Our editorial team did not originally plan to fly 5,000 miles from Hawaii to Pennsylvania to attend the short (day-and-a-half) First Hindu Mandir Priests Conference, April 27-28, 2012. But a last-minute examination of the program convinced us we needed to be there. Thirty-two priests and 40 adult and youth delegates representing over 20 US and Canadian temples explored the conference theme, "The Role of Priests in Sustaining Dharma in America," from four disparate viewpoints: temple management, Indian priest tradition, Caribbean and other diaspora pandit traditions and Western-raised youth. The conference was a project of the yearly VHP-organized Hindu Mandir Executives' Conference and was organized with the local support of Pittsburgh Hindu Jain Temple and the Sri Venkateshwara Temple.
This is not a comprehensive report on the conference, but an examination of two key issues it addressed: 1) the employment and treatment of the priests and 2) the evolution of Hindu temples in the West as they move beyond the functions of the typical temple in India. Dr. Sheenu Srinivasan, founder of the Connecticut Valley Hindu Temple Society, stated the latter issue succinctly: "While we have succeeded in building temples with attractive architecture and sculptures and staffed them with priests on visas, we have failed in the more important aspect of organizing these temples as centers of authoritative learning and spiritual support."

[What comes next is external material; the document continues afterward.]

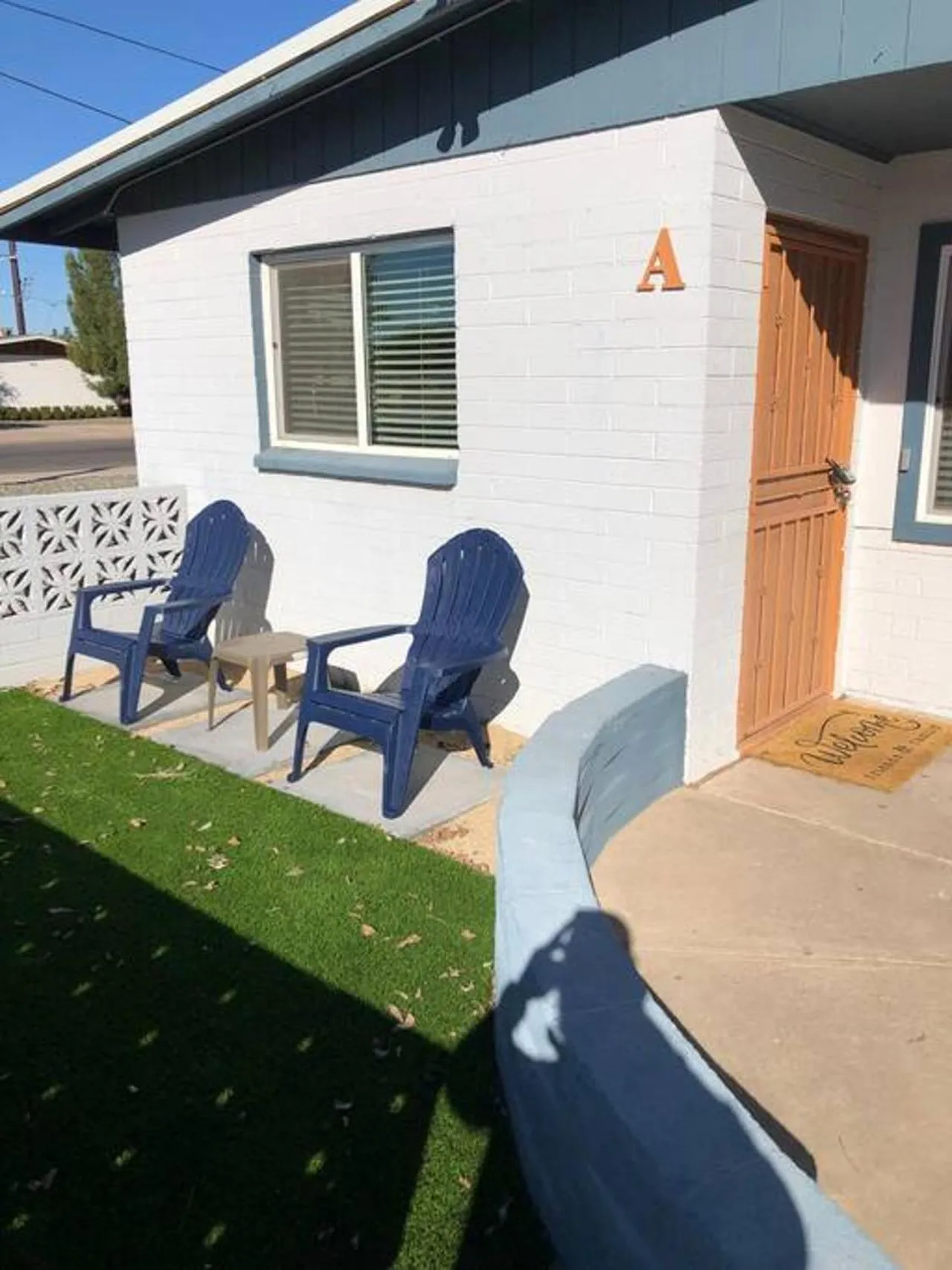 Spacious 2BR Condo, Steps to Downtown Gilbert, King Bed & Laundry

Pandit Chandrashekar Kashavajjala of the Bharatiya Hindu Temple, Columbus, Ohio, was given the task of enumerating all the problems faced by priests who come to work in America. In a good-natured manner, he explained the gulf between what the priests thought would happen in the US, and what actually did happen--the inspiration for our editorial cartoon at right. It was a rare moment for the priests to "get everything off their chests" before an influential group of temple trustees.

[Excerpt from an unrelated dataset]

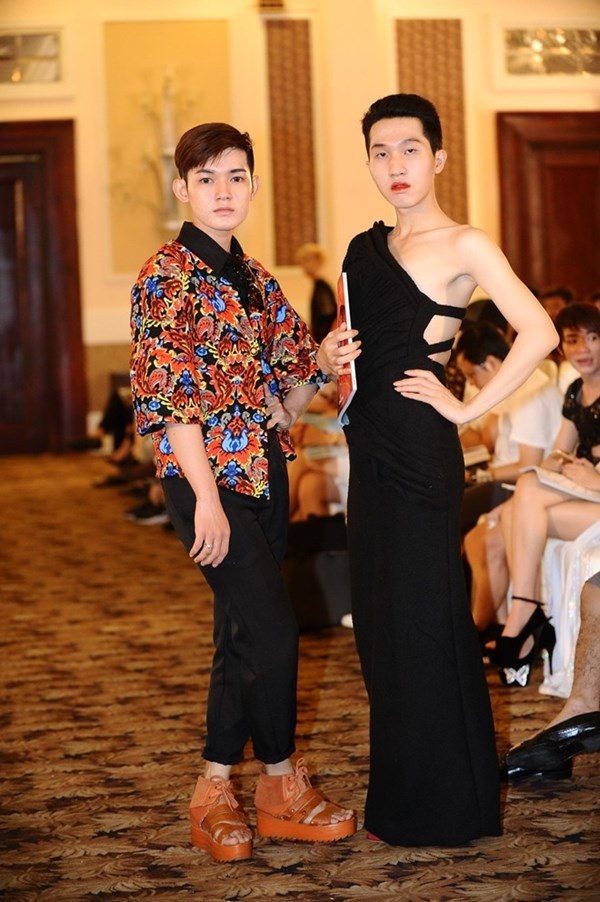 Nam mặc trang phục "nữ" thi thiết kế thời trang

Chandrashekar's list of issues was extensive, including low salary, low yearly raises, poor housing, overwork and inadequate health insurance. In particular, the priests resented management's holding their passport--which is actually illegal under US law. Some temples have restricted priests from marrying within a certain number of years, usually two or three, after commencing work--and once they are married, temples have failed to provide housing for the couple or health insurance that covers the wife. Sometimes priests have been used as pawns in disputes between trustees, making them insecure. Finally, said Chandrashekar, "proper encouragement and appreciation needs to be given to the priest at a regular interval or after performing major rituals."
Forty-three percent of Hindus in the US earn more than $100,000/year. Most temple trustees are in this category, while the priests might be offered as little as $23,000/year to start--a huge disparity. Several speakers explained the priests want to attain the same standard of living as most of the temple devotees--to be able to "take care of their families," including providing a good education for their children. A priest at Tirupati temple in India, one of the richest religious institutions in the world, earns $3,600/year. He can be forgiven for thinking $30,000/year is a decent salary in the US. In fact, it is barely above the poverty line--$24,000--for a family of four. This income disparity was clearly an important issue for the priests, both practically and emotionally.
Such a disparity does not exist for Christian pastors, who are regarded in US communities as professionals on the level of lawyers or doctors. The average salary of a pastor is $85,000/year as of 2012. He or she usually holds a master's degree and has extensive responsibility for the church's operation.